According to a recent study from Microsoft (Spring 2015), the average human attention span has dropped down to eight seconds — one second less than that of a goldfish and a fall of four seconds from the 12-second average clocked in 2000. The same report also concluded that people are more easily distracted in the presence of devices with screens, finding it harder to focus in scenarios where prolonged attention is needed. In other words, there is a direct correlation between attention and the extent to which individuals lead a digital lifestyle.
Even though our attention is dwindling because of the distracting nature of digital devices, it’s those same devices and the digital world they offer that open up so many opportunities to grab a user’s attention, if even for a moment.

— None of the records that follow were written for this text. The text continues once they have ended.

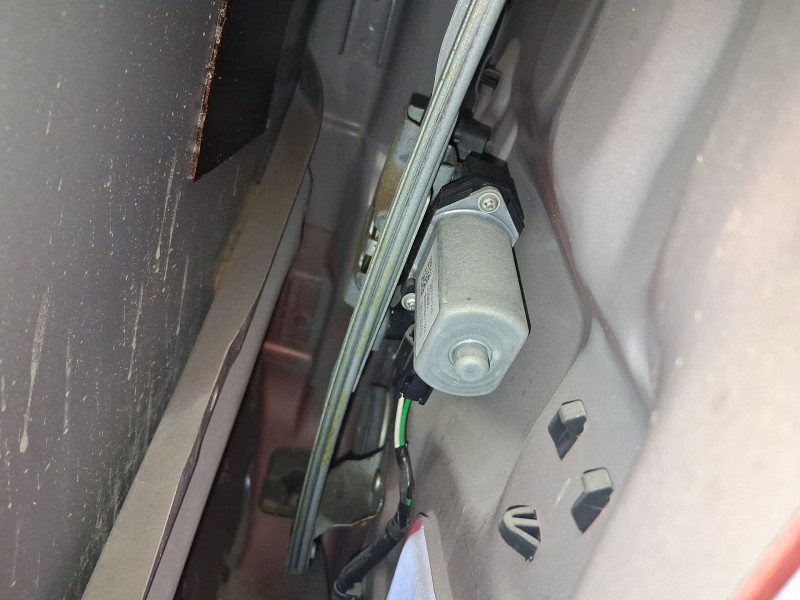 Recambio de elevalunas trasero izquierdo para renault clio iv (bh_) 0.9 tce 90 referencia OEM IAM 827010501R  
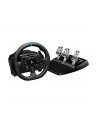 LOGITECH G923 Racing Wheel and Pedals for PS4 and PC - N/A - PLUGC - EMEA - nr 36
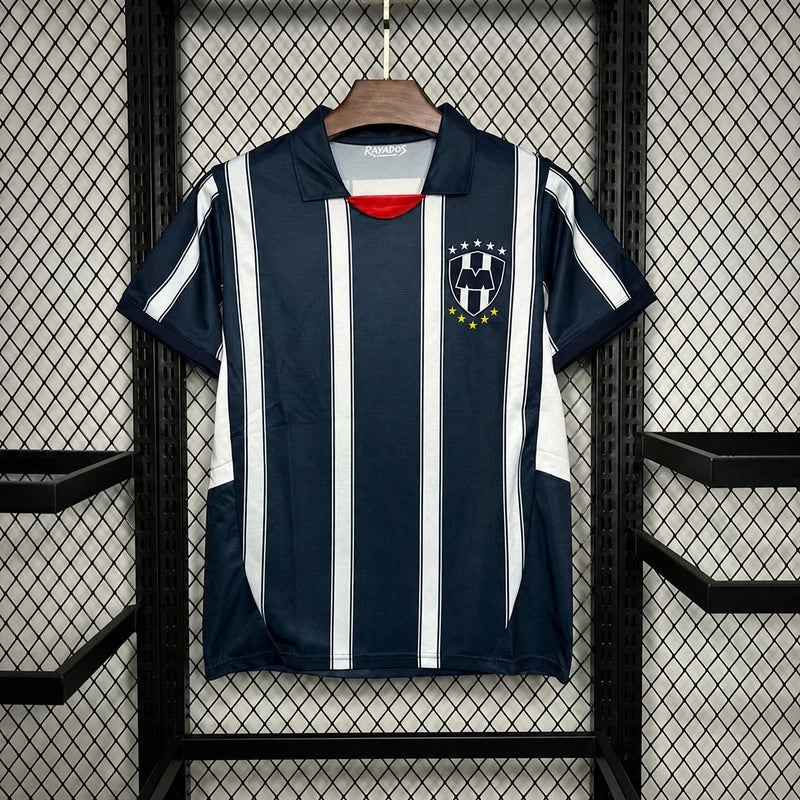 Jersey do Monterrey l 24∕25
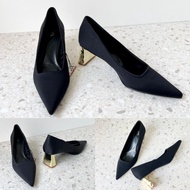 Zara Heels 6cm Shoes S10355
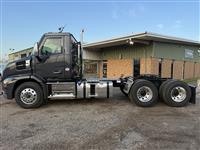 2027 Mack AN64T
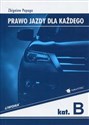 Prawo jazdy dla każdego kategoria B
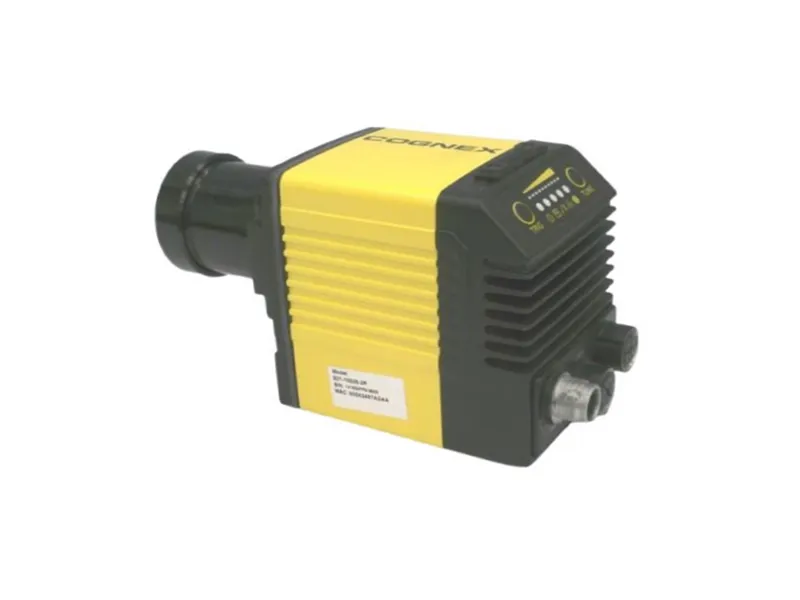 COGNEX 821-10028-2R工業條形碼掃描器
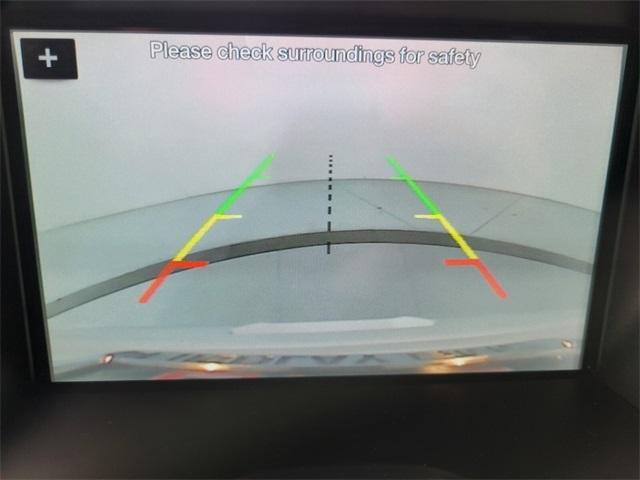 2016 Ford Escape Vehicle Photo in PRESCOTT, AZ 86305-3700
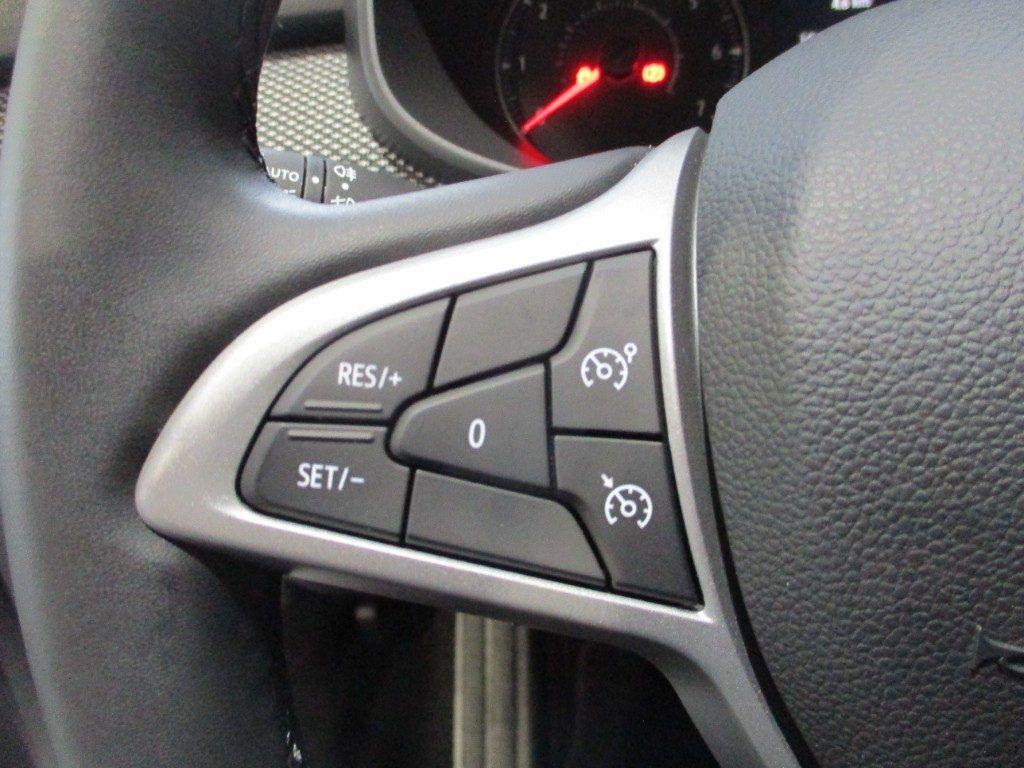 Dacia Sandero Stepway 1.0 TCe ECO-G Expression CarPlay/Led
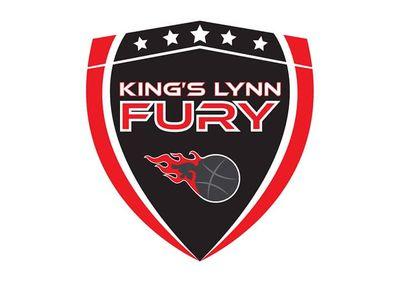 The official Twitter site for King's Lynn Fury Basketball club, based in King's Lynn, Norfolk UK. Follow for team news, updates and more......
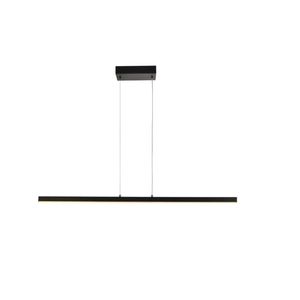 Pendente Led Recta Retangular 4000K  Avant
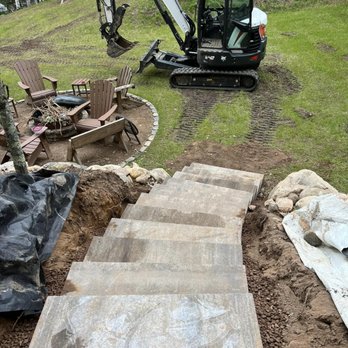 Lakeside Riprap Services - Landscaping Near Me Lakeside Riprap Services - Landscaping Near Me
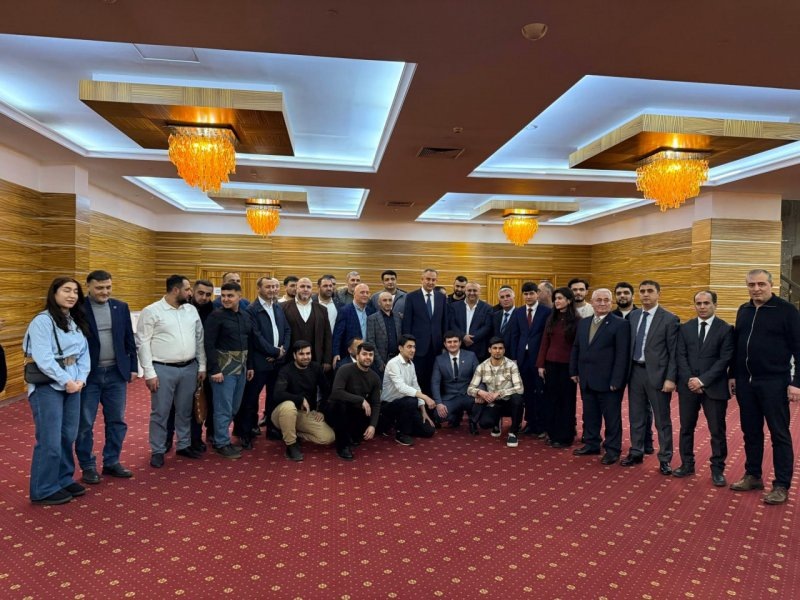 Фото: Исполнительный орган государственной власти Хатлонской области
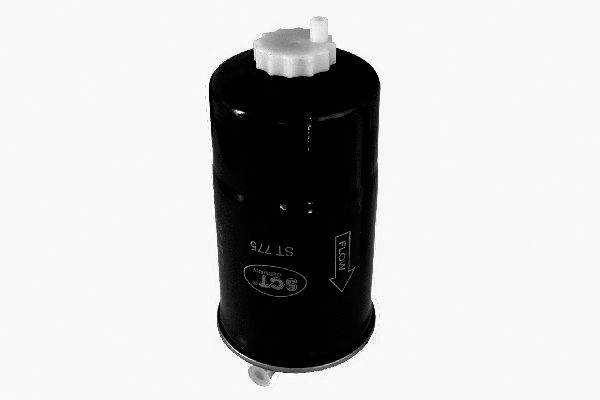 Palivový filtr SCT - MANNOL ST 775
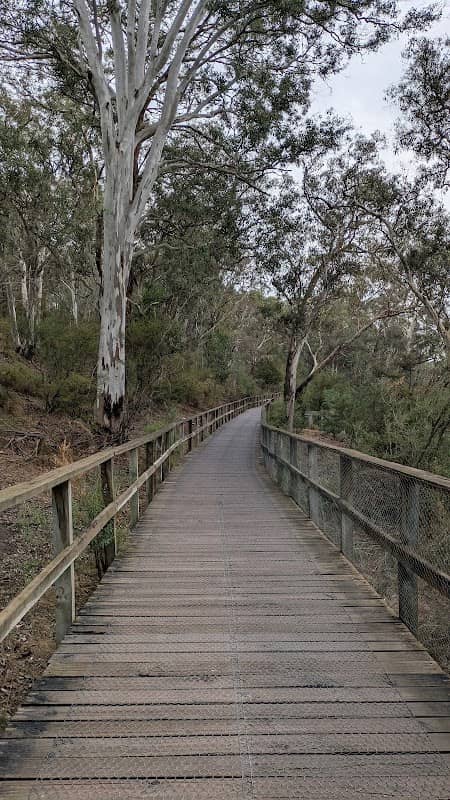 Candlebark Park - Image 1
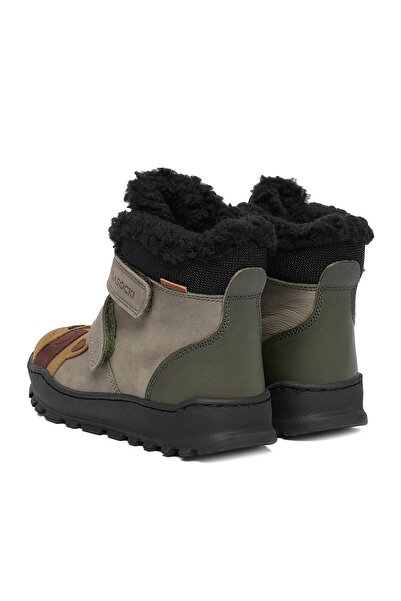 Lasocki Kids Ghete băieți kaki CEO-CI12-TYSON-09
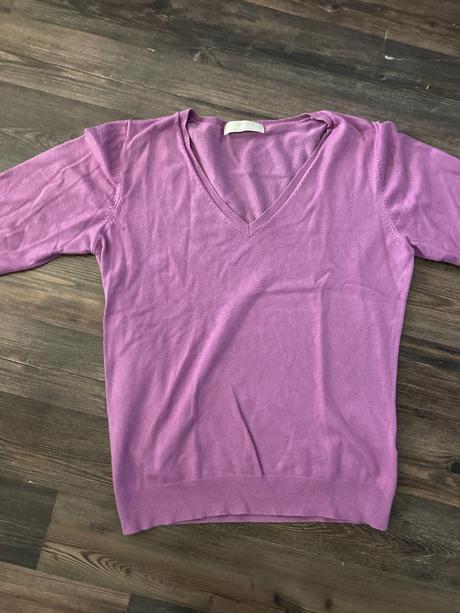 Svetrík, marks & spencer,m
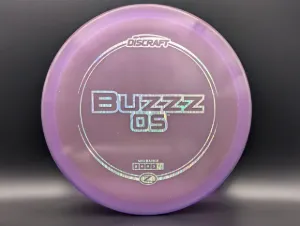 Photo of this disc, Z, 177 g+, Purple 2, full size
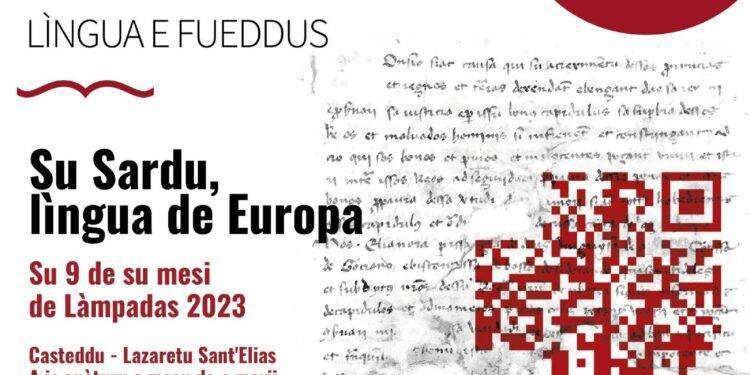 Cultura, parte il progetto “Poita in Sardu?”: il 9 giugno il primo appuntamento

Broadly speaking, marketers grab that attention by creating more engaging online content or experiences, yet as content has grown increasingly abundant and immediately available, attention becomes the limiting factor in its consumption — a conundrum.
Microsoft CEO Satya Nadella sums up the situation: “We are moving from a world where computing power was scarce to a place where it now is almost limitless, and where the true scarce commodity is increasingly human attention.”
So How Can Marketers Fight Back? There are two parts to the answer. Since creating online experiences and content is the way to grab attention, it follows that marketers should focus on the quality of the creative itself and, in particular, the richness of the experience across devices. Additionally, there is a need to move away from simple linear success metrics like page impressions to more meaningful ways to measure engagement and attention. Measuring attention is essential to showing where on the user journey things are working and where they need to be improved.